## PROBLEM DESCRIPTION
When you copy the material below, keep every line exact and leave each picture out.

## TASK MATERIAL
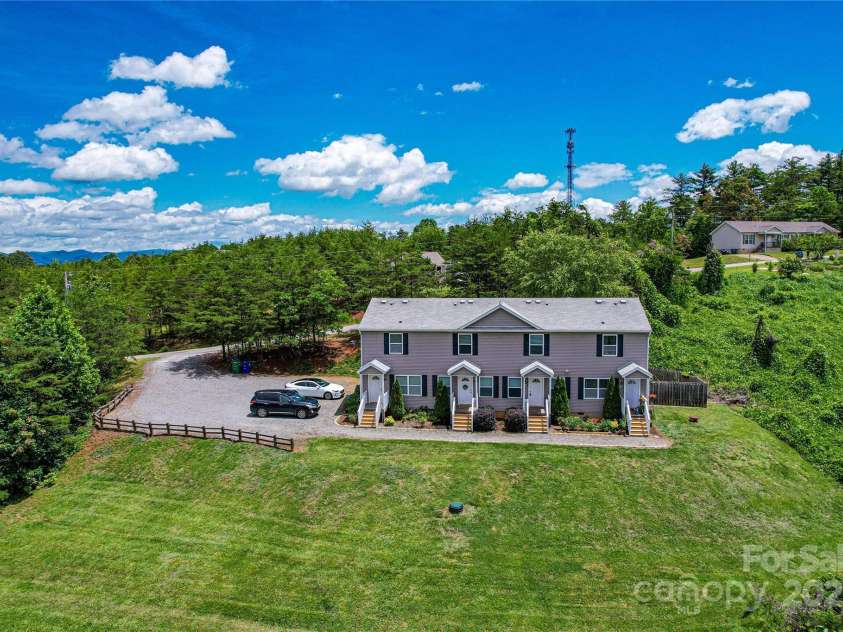 46 Spicewood Road, Weaverville, NC 28787.  MLS# CAR4272815, YatesRealty ID 26149. 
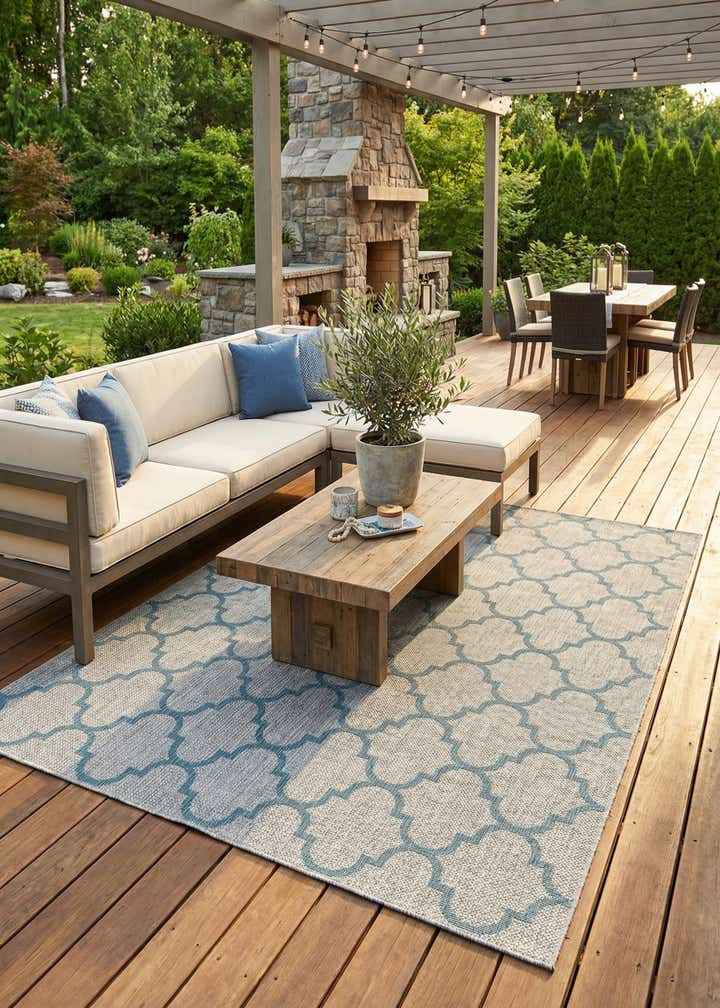 7' 10 x 11' Easy-Clean Trellis Indoor / Outdoor Rug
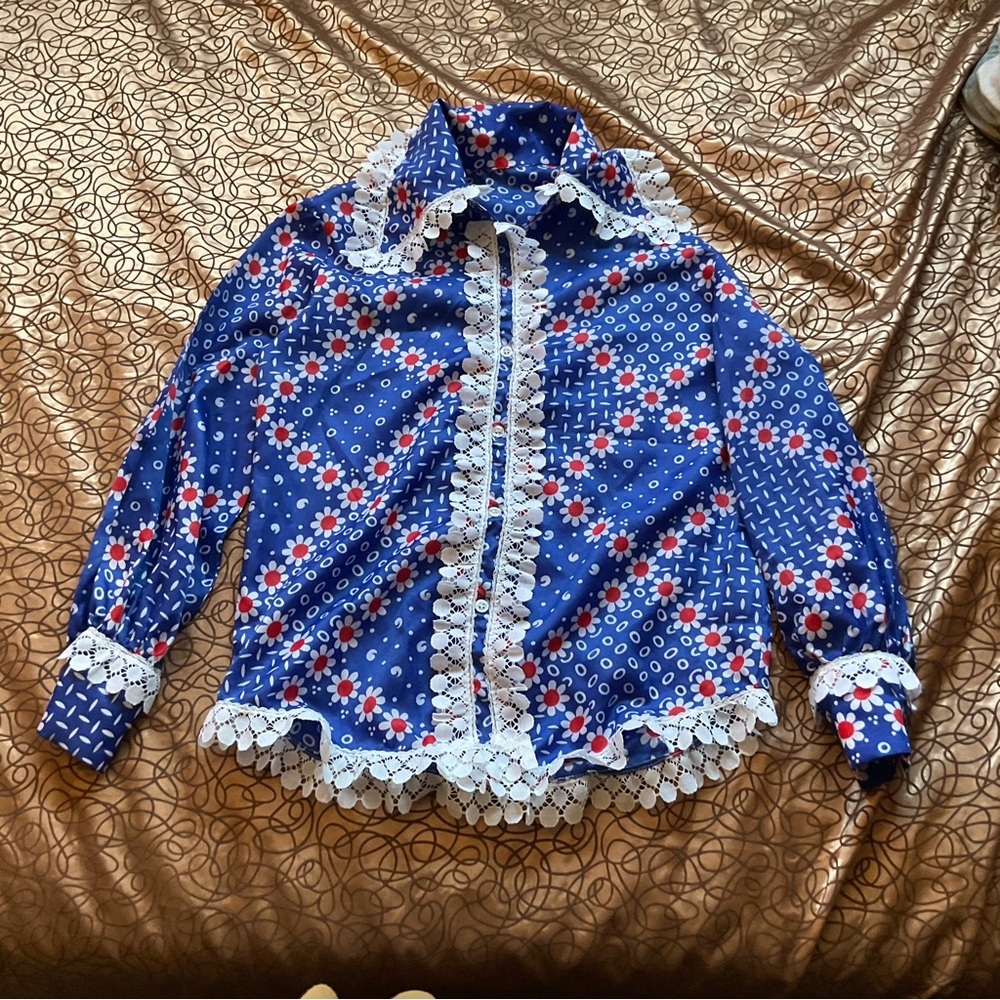 Vintage Blue Floral Polyester Blouse with White Lace Trim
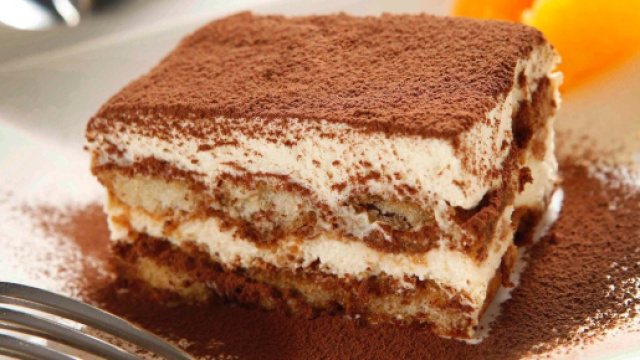 Milano, ragazza muore dopo aver mangiato tiramis&ugrave; vegano con tracce di latte - open.info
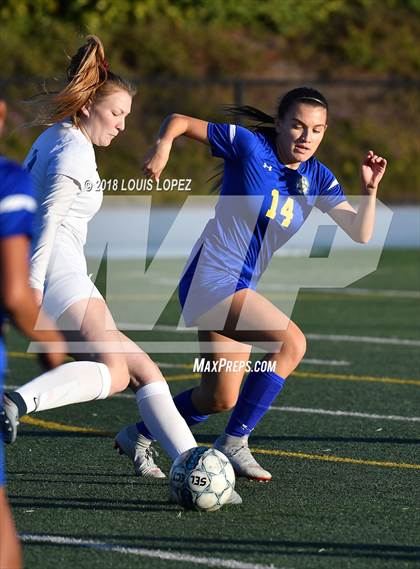 Thumbnail 1 in Charter Oak @ San Dimas photogallery.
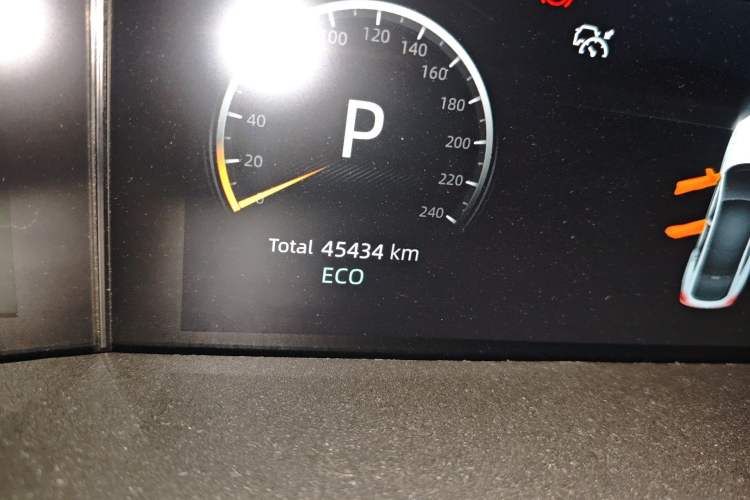 Used CHANGAN UNI-V 2022 2.0T Leading-Speed Edition
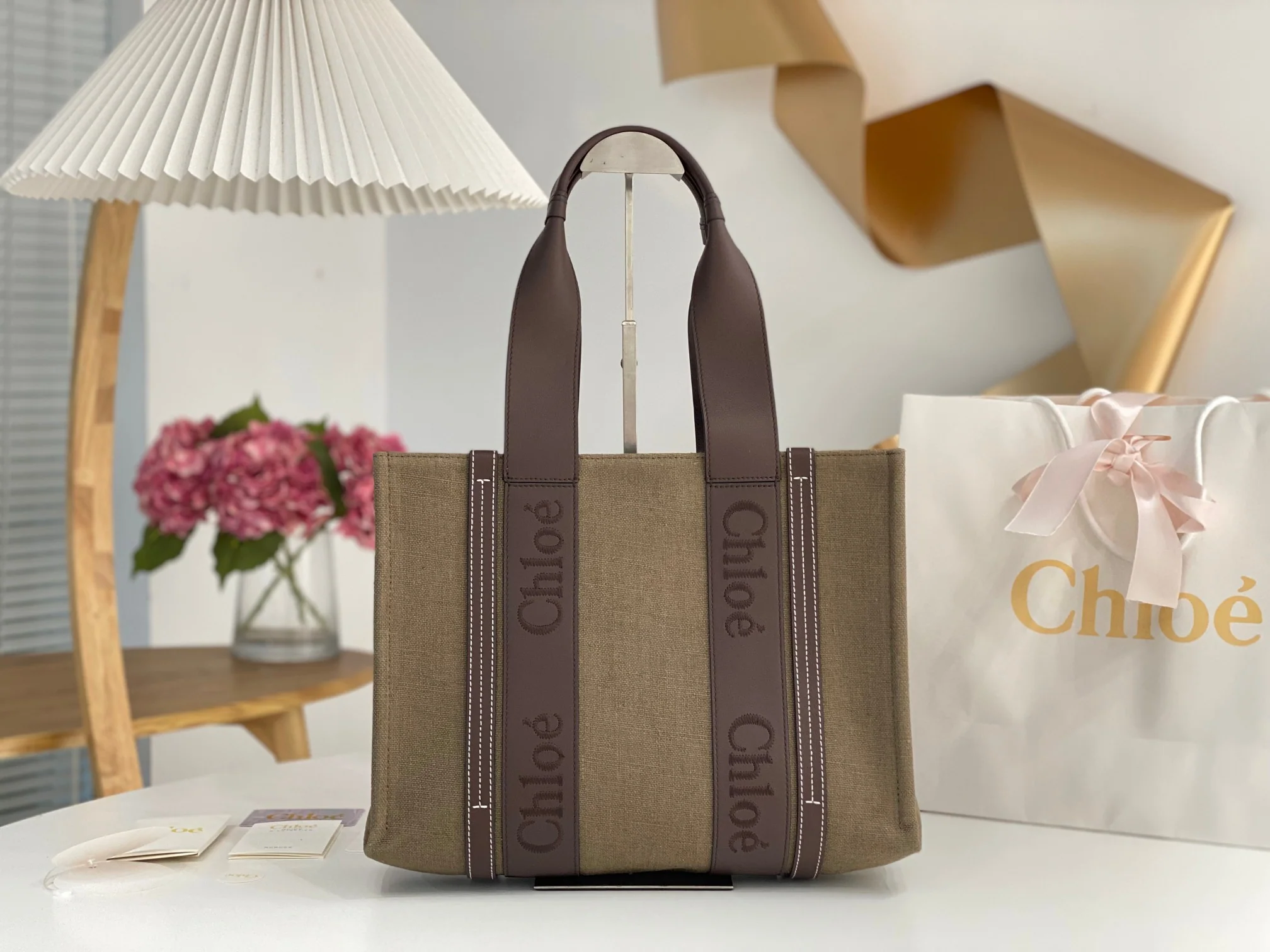 Новинка весны 2023 года от Chloe - сумка-тоут Woody - льняная кожа, цвет хаки с коричневыми вставками - средний размер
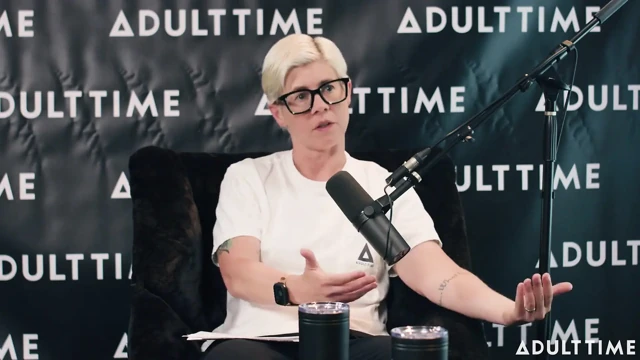 Avery black dry humping, gerçek suç ve vr corn'i yönetme | Adult Time Podcast
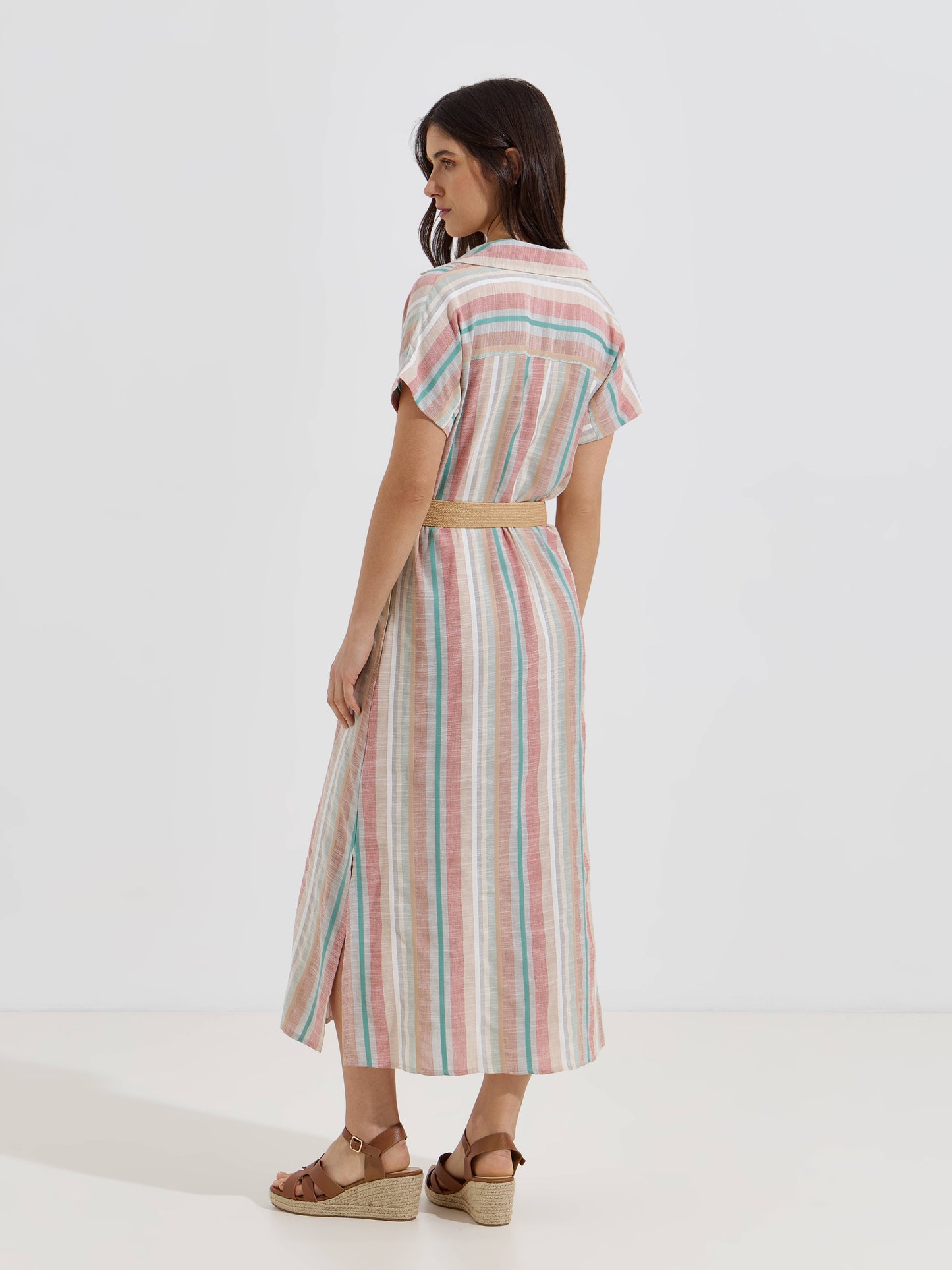 Vestido Camiseiro às Riscas com Cinto, Gola e Aberturas Laterais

## SOLVED EXERCISE
 46 Spicewood Road, Weaverville, NC 28787.  MLS# CAR4272815, YatesRealty ID 26149. 
 7' 10 x 11' Easy-Clean Trellis Indoor / Outdoor Rug
 Vintage Blue Floral Polyester Blouse with White Lace Trim
 Milano, ragazza muore dopo aver mangiato tiramis&ugrave; vegano con tracce di latte - open.info
 Thumbnail 1 in Charter Oak @ San Dimas photogallery.
 Used CHANGAN UNI-V 2022 2.0T Leading-Speed Edition
 Новинка весны 2023 года от Chloe - сумка-тоут Woody - льняная кожа, цвет хаки с коричневыми вставками - средний размер
 Avery black dry humping, gerçek suç ve vr corn'i yönetme | Adult Time Podcast
 Vestido Camiseiro às Riscas com Cinto, Gola e Aberturas Laterais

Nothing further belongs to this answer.